*The task*. Below are entries. Give back exactly the lines from the one containing "Profile Picture of" through the one containing "Fig. 07 - Display", inclusive, without the pictures.

===== Given information =====

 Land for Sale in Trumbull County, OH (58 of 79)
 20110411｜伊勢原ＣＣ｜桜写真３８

=====
===== Given information =====

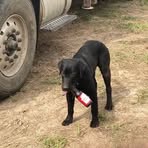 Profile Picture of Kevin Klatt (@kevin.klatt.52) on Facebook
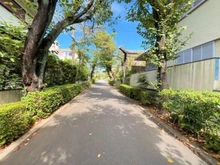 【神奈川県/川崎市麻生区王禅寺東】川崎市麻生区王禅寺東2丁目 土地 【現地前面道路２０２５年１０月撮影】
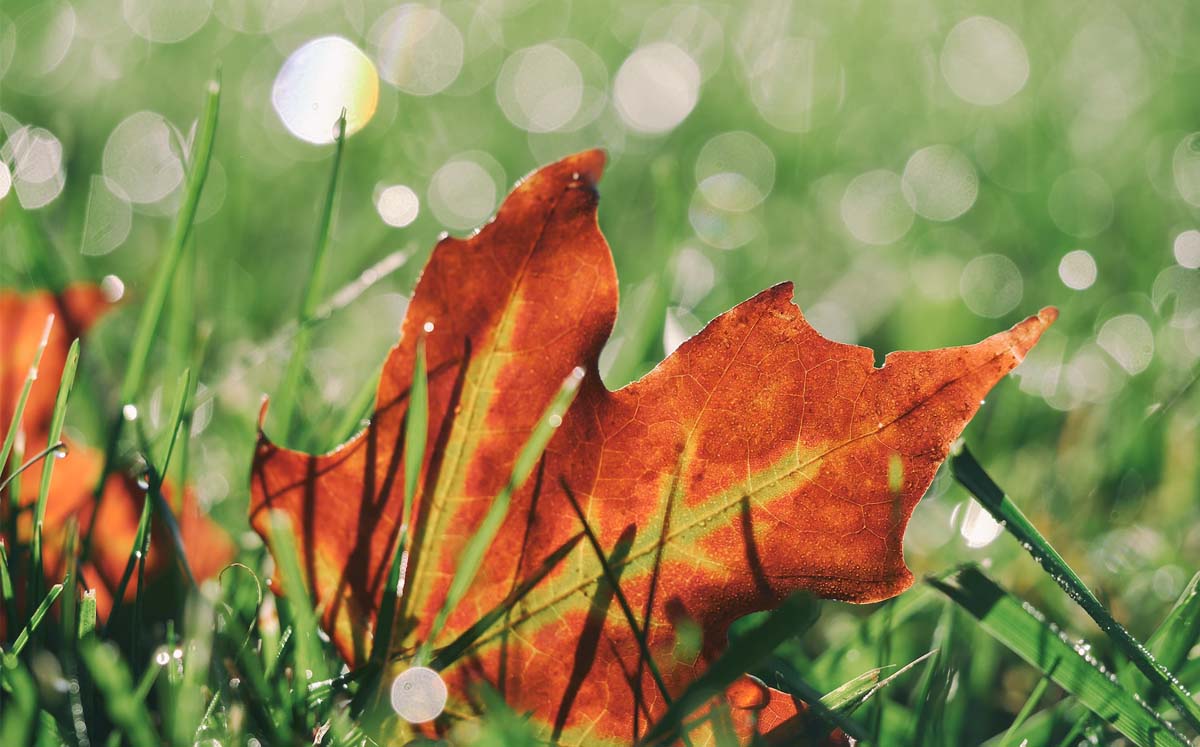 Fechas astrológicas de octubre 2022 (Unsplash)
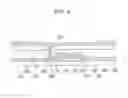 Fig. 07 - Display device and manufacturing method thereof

=====

*Response for this exercise*.
 Profile Picture of Kevin Klatt (@kevin.klatt.52) on Facebook
 【神奈川県/川崎市麻生区王禅寺東】川崎市麻生区王禅寺東2丁目 土地 【現地前面道路２０２５年１０月撮影】
 Fechas astrológicas de octubre 2022 (Unsplash)
 Fig. 07 - Display device and manufacturing method thereof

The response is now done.